Required work
Below is a listing; restate from it, character for character, the lines beginning at the line holding "Beautiful colorful paintings inside an orthodox Romanian church." and ending at the line holding "Dog Snood Earmuffs", both included.

Provided information
- Opening Delimiter -
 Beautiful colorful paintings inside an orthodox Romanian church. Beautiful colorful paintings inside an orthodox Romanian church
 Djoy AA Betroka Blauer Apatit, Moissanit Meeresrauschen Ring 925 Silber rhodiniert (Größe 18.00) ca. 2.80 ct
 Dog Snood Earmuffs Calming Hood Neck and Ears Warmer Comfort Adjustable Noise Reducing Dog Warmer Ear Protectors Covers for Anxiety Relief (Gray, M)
- Closing Delimiter -
- Opening Delimiter -
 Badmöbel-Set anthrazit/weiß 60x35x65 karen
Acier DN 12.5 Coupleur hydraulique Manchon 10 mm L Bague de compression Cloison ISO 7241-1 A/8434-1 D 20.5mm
- Closing Delimiter -
Response for this exercise
 Beautiful colorful paintings inside an orthodox Romanian church. Beautiful colorful paintings inside an orthodox Romanian church
 Djoy AA Betroka Blauer Apatit, Moissanit Meeresrauschen Ring 925 Silber rhodiniert (Größe 18.00) ca. 2.80 ct
 Dog Snood Earmuffs Calming Hood Neck and Ears Warmer Comfort Adjustable Noise Reducing Dog Warmer Ear Protectors Covers for Anxiety Relief (Gray, M)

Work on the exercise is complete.